Un chiffre : en 2023, 20 % des élèves déclarent avoir été victimes de harcèlement sexiste. Les filles sont deux fois plus touchées que les garçons. Les établissements scolaires sont souvent démunis. Les campagnes de sensibilisation existent, mais elles peinent à changer les mentalités. Le taux de réussite au bac en 2025 est de 91,9 % (source : Le Figaro). Les lycéens réussissent leurs examens, mais échouent à respecter leurs camarades. Tout le paradoxe d'un système qui valorise la performance académique et ignore l'éducation au respect.

En Guadeloupe, le sexisme est renforcé par des stéréotypes culturels et raciaux. Les catégories « DOMINE MWAAA !!!! » mêlent sexisme et créole, pour humilier encore plus. Les filles noires sont souvent sexualisées et dévalorisées dans l'espace public. Ce classement n'est pas une aberration isolée. Il est le produit d'une société qui autorise les garçons à traiter les filles comme des objets.

L'enquête interne du lycée ne suffira pas à déraciner ce sexisme systémique. Il faudrait des actions en profondeur : ateliers de lutte contre les stéréotypes, éducation à la sexualité et au consentement, sanctions disciplinaires systématiques, et surtout un changement de culture. Mais les moyens manquent. Les professeurs sont épuisés. Les proviseurs naviguent entre pression des parents et directives ministérielles floues.

L'enquête continue

Le dossier est entre les mains de la justice. Les six garçons suspendus seront convoqués devant le conseil de discipline. Les plaintes suivent leur cours. Les victimes attendent des excuses et des réparations. Les parents exigent que les auteurs ne restent pas impunis. Un rassemblement est prévu ce mercredi. L'enquête continue.
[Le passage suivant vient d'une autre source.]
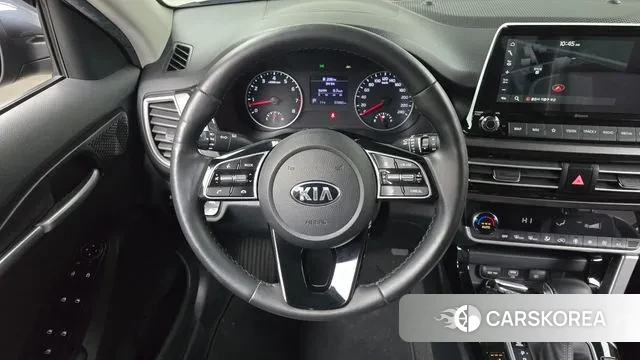 Kia Seltos 2020 Серый из Кореи, фото 4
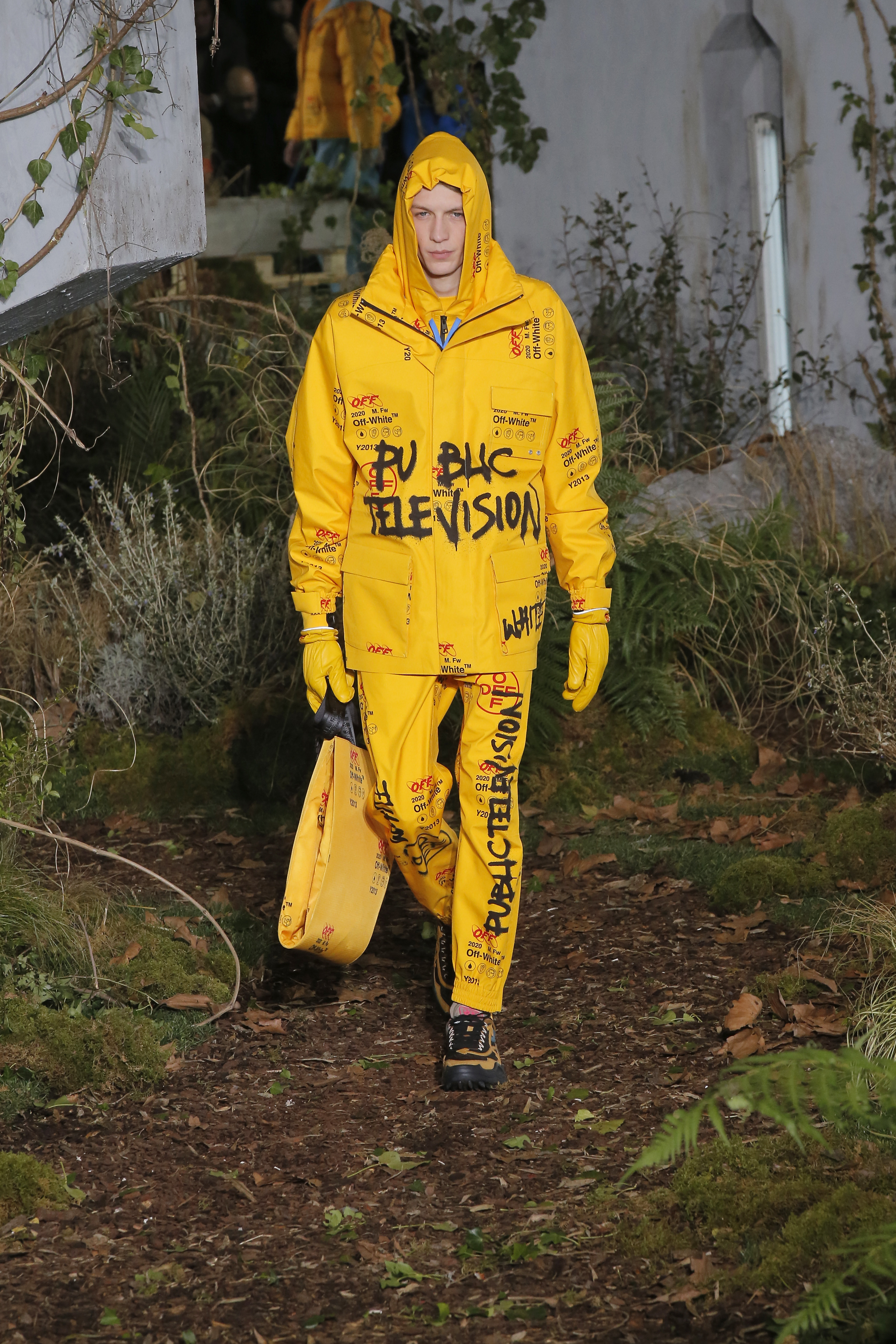 Off White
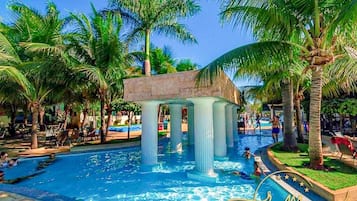 15 kolam renang outdoor, dengan payung kolam renang dan kursi berjemur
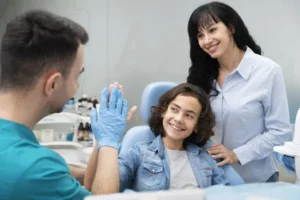 Fluxo híbrido de atendimento em clínica com IA e humano atuando em conjunto.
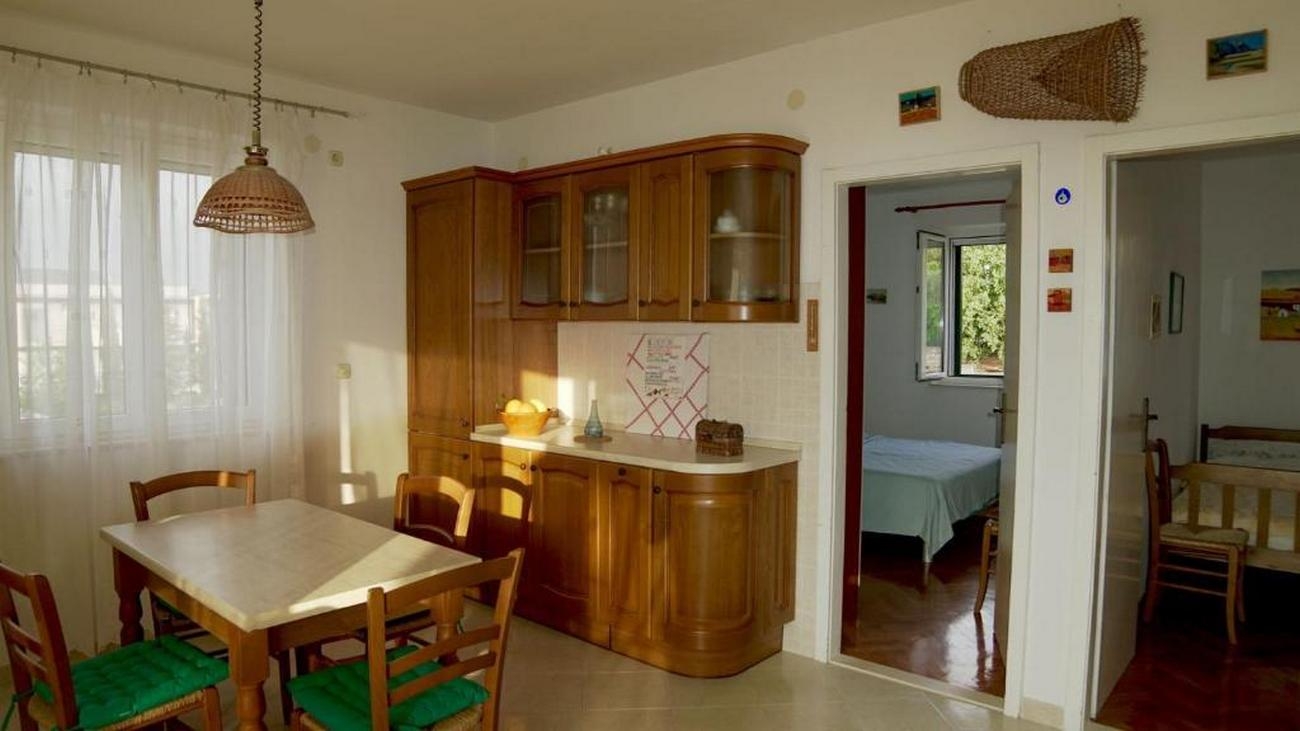 Two bedroom apartment with terrace and sea view Postira, Brač  A-a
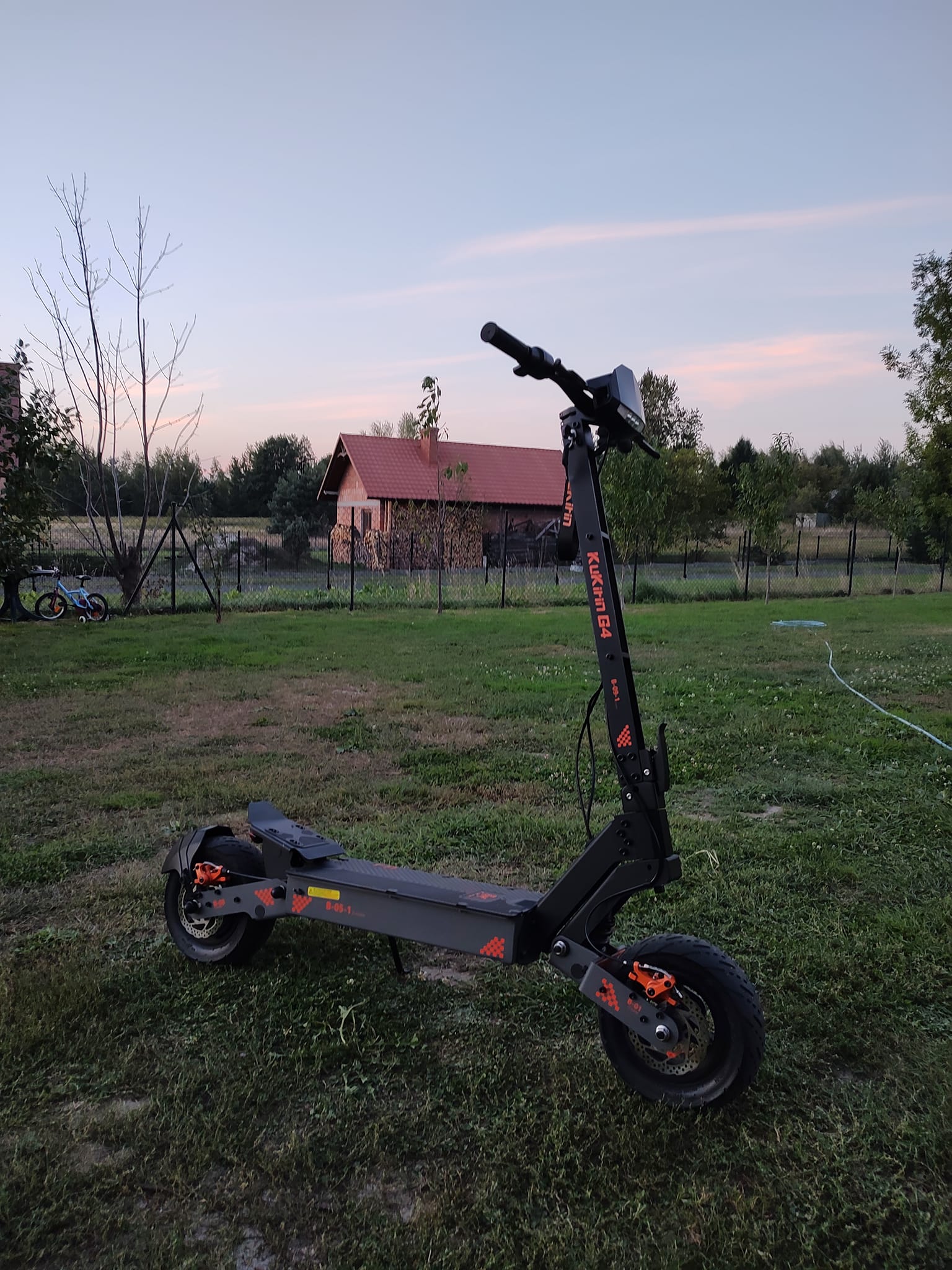 KUGOO - 🌿 Ride green, ride clean! Switch to the KuKirin G4 and reduce ...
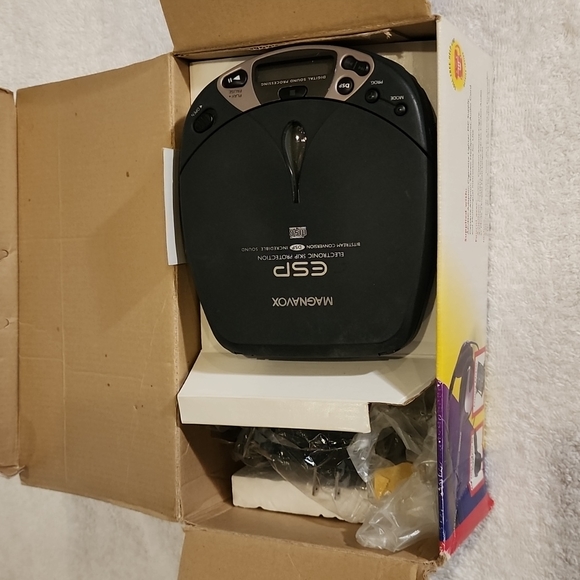 Magnavox Portable CD Player - Picture 13 of 15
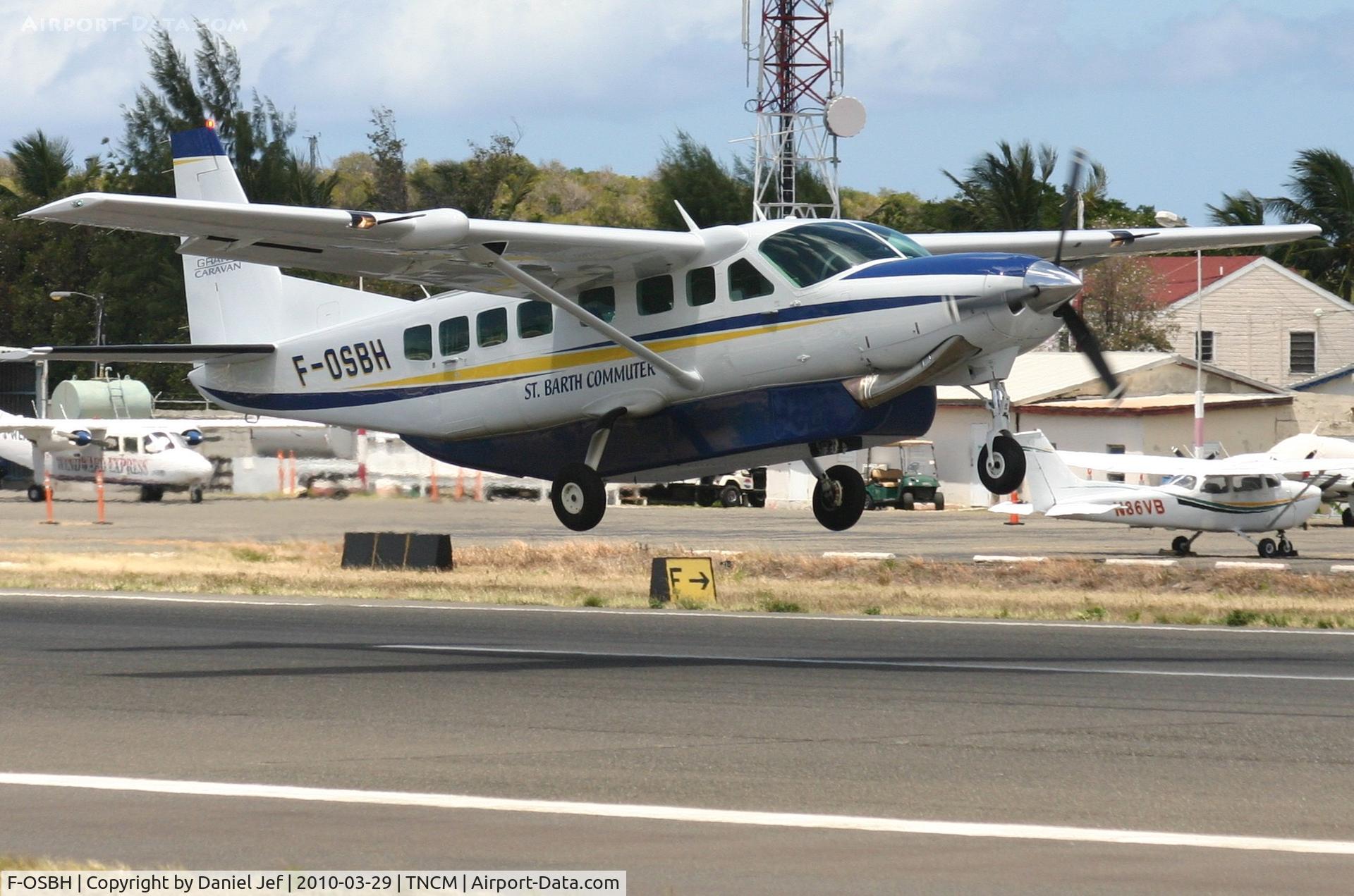 F-OSBH, 2009 Cessna 208B Grand Caravan C/N 208B2117, F-OSBH departin TNCM runway 10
Mais au-delà de ce lycée, c'est toute l'institution scolaire qui doit se regarder en face. Combien d'autres listes, de classements, de « notes sur 10 » circulent dans les couloirs, sur les téléphones, sans que personne ne les arrête ? Le sexisme à l'école n'est pas une fatalité. C'est un choix collectif de ne pas en faire une priorité.

Le Dossier suivra cette affaire. Nous interrogerons le rectorat de la Guadeloupe, le parquet, les associations. Nous publierons les noms si la justice les révèle. Nous ne laisserons pas le silence retomber. Car chaque lycéenne qui se lève pour dire « ce n'est pas de l'humour, c'est de la violence » mérite qu'on l'entende.

Sources :

  • Le Parisien, « Guadeloupe : des lycéennes classées selon des catégories dégradantes à consonance sexuelle, une enquête ouverte », 6 mai 2026.
  • Guadeloupe La 1ère, reportage sur l’affaire du lycée Jardin d’Essai.
  • France-Antilles, article sur les catégories obscènes et les plaintes.
  • Le Figaro, « Bac 2025 : taux de réussite de 91,9 % », données statistiques.
  • Code pénal français, article 222-33-2-2 sur le harcèlement scolaire.